An important article in this months Emergency Medicine Journal (abstract only, subscription required)  looks at the new, and increasingly popular exploration of leadership and followship skills in emergency department roles.
Although concerned mainly with emergency department physicians, these skills transpose well to nurses working in any clinical team environment.

You can also listen to a podcast on the topic here.

Training in these non-technical competencies (also known as Crew Resource Management (CRM) or NOTECHS) develops interpersonal and cognitive skills, attitudes, behaviours and situational awareness that give staff the tools to perform at high levels under stressful situations whilst trapping or mitigating any errors as the inevitable swiss cheese holes line up in these sorts of circumstances1.

Humans make errors in predictable and patterned ways. Novices make errors due to incomplete knowledge, while experts make errors due to the intrinsic hazards of semi-automated behaviour. When humans work in complex systems such as the National Health Service, the opportunities for error-inducing conditions are almost unlimited and may be exaggerated by culture and system deficiencies. Very often, no harm results from ‘routine’ errors, but eventually the consequences of these familiar and generally tolerated conditions may coincide and culminate in a disastrous outcome. An error-prone department will also significantly degrade the value of staff and the atmosphere of the workplace. We become more error prone when we experience fatigue, stress, illness, overload, inexperience or complacency, not uncommon among emergency physicians.

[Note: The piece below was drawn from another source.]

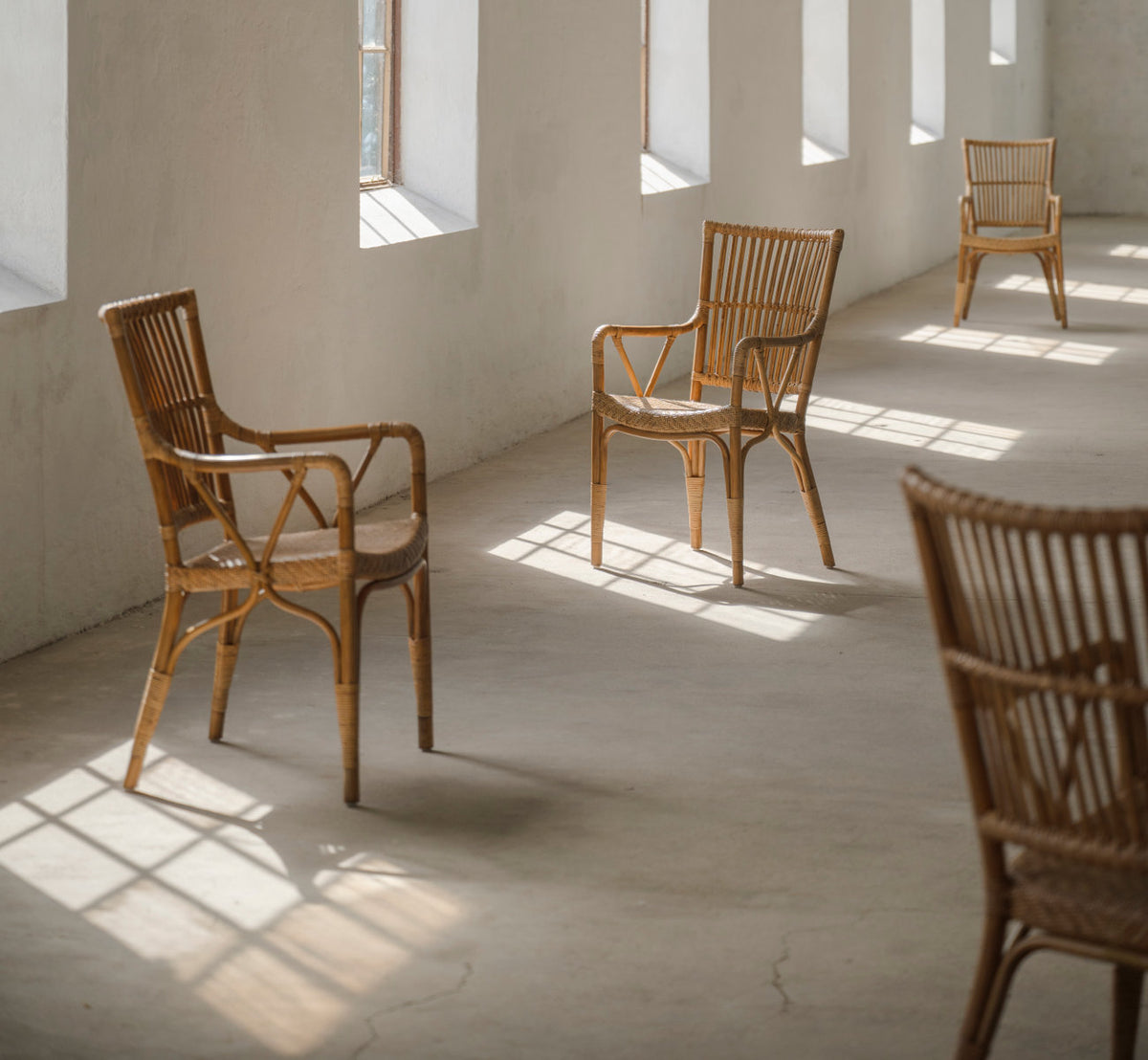 Dies ist ein Lifestyle-Bild von Piano Esszimmerstuhl in antique rattan. Stühle in einem sonnigen Raum mit Betonboden.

4 Triggers are listed as most likely leading to errors in staff working in complex systems:

  • Interruptions and distractions
  • Tasks required out of the normal sequence
  • Unanticipated new tasks
  • Interweaving multiple tasks.

The authors go on to very briefly outline some of these notech skills including the use of the SBAR communication tool  and “The Magnificent Seven” which consists of:

  1. Briefings and debriefings
  2. Checklists when appropriate
  3. Effective question types
  4. Assertion techniques
  5. Closed-loop communication
  6. Standardising handover
  7. Red flags indicating loss of situation awareness.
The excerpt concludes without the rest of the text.